Benzer bir davada evlat edinecek müstakbel anne ve baba, bu koşulları nihayet tamamladığında son olarak evlat edinmenin tasdiki için yapılan duruşmaya çıktılar. O sıralar 6 yaşına gelmiş çocuğun kendilerinden alınacağı korkusuyla (Allah kimseyi bu korkuyla yaşatmasın) ve berbat bir ruh haliyle duruşmada titriyorlardı. Hakim müstakbel babaya adını soruyor. Baba; “O’nu benden kimse alamaz” diye cevap veriyor. Küçüğü evlat edinmek istiyor musun diye soruyor; “Anca cesedimi çiğnerseniz alırsınız” diye yanıtlıyor. Hakim tarafların psikolojisini anladı ve gülümseyerek; “Size ihsas-ı reyde (hakimin davanın sonucu hakkında fikrini söylemesi, ki hukukumuzda yasaktır ve hakimin reddi sebeplerindendir) bulunayım da bir rahatlayın, sorularıma doğru dürüst cevap verin, beni de yormayın. Tamam küçüğü ikinize verdim gitti. Yeni evladınız size, siz de evladınıza hayırlı olun. Şimdi adını söyle efendi!” Rahatlayan anne ve baba güle oynaya soruları yanıtladı. Duruşma biter bitmez, çocuklarını da aralarına alarak birbirlerine sarıldılar, sevinç göz yaşları ile adliyeden ayrıldılar. (Evlat edinme duruşmasına girdiğim bu aileden zaman zaman haber alıyorum. Küçük kız üniversiteyi bitirmiş, öğretmen olmuş. Şimdilerde gönlünü kaptırdığı bir yakışıklıyla evlilik hazırlıklarının telaşındaymış.)
18 yaşına geldiğinde evladına ‘taşın’ ya da ‘kira öde’ diyen batılı ve soğuk anlayıştan devşirilen bu düzenleme, bizim gibi evlat düşkünü, ölüm döşeğinde bile evladını gördüğünde yüzü gülen sıcak toplumlar için hiç de uygun değil.

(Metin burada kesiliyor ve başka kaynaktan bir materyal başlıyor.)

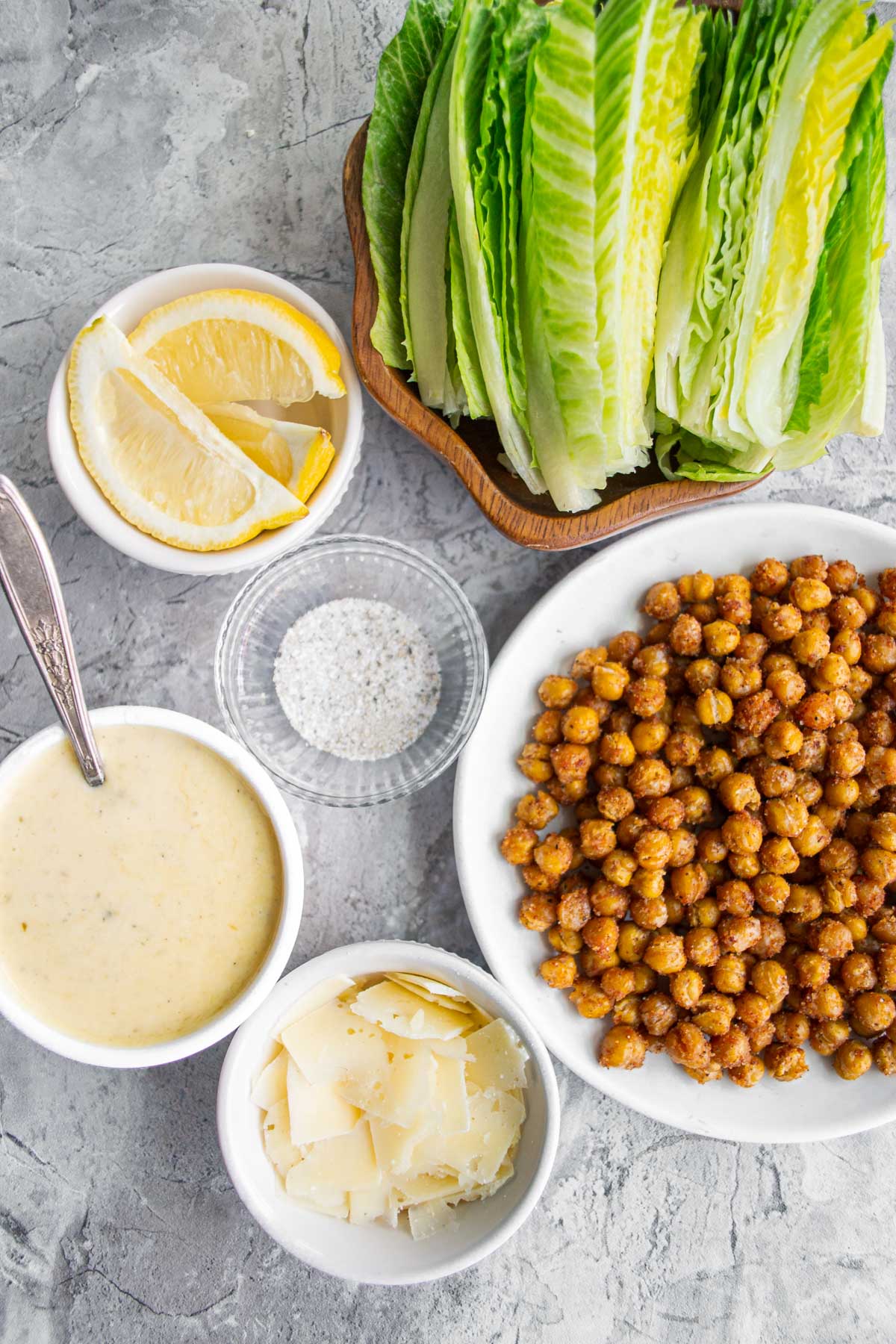 ingredients on grey stone counter for Crispy Chickpea Salad Recipe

Elbette devletin sunduğu imkanlar eskisine nazaran çok daha fazla. Hiçbir çocuğu sokakta bırakmaz. Lakin asıl olan çocuğun aile ortamında yetişmesidir. Bu koşullarla evlat edinme zorlaştırıldığından, yurda düşen (!) çocukların, eskiye nazaran daha azı evlat edinilebilmektedir.
Evlenen çiftlerin sapık mı, psikolojik sorunlu mu, peydah ettikleri çocukları madden ve manen bakabilecek düzeydeler mi, vs hiçbir şeyi umursamaz mevzuat hazretleri. Fakat evlat edinmek isteyen yüce gönüllü insanlardan tomarla belge isteyip yığınla rapor alır. Evlerine dahi gidip, örneğin trabzanlardaki aralıkların geniş olduğu gerekçesiyle çocuğun yaşamasına uygun olmadığı şeklinde tutanak tutar. Bu da, “Evlat edinmenin her halde çocuğun yararına bulunması“ koşulundan çıkarılan vazifelerdendir.
Tüm bu güçlükler insanları, biyolojik ana babanın rızasıyla evlat edinerek veya çocuğu kendi evlatlarıymış gibi nüfusa yazdırarak usulsüzlük yapmaya itmektedir. Kanaatimce evlat edinmenin koşulları biraz daha yumuşatılmalı, bilhassa süresi en asgari hale getirilmelidir.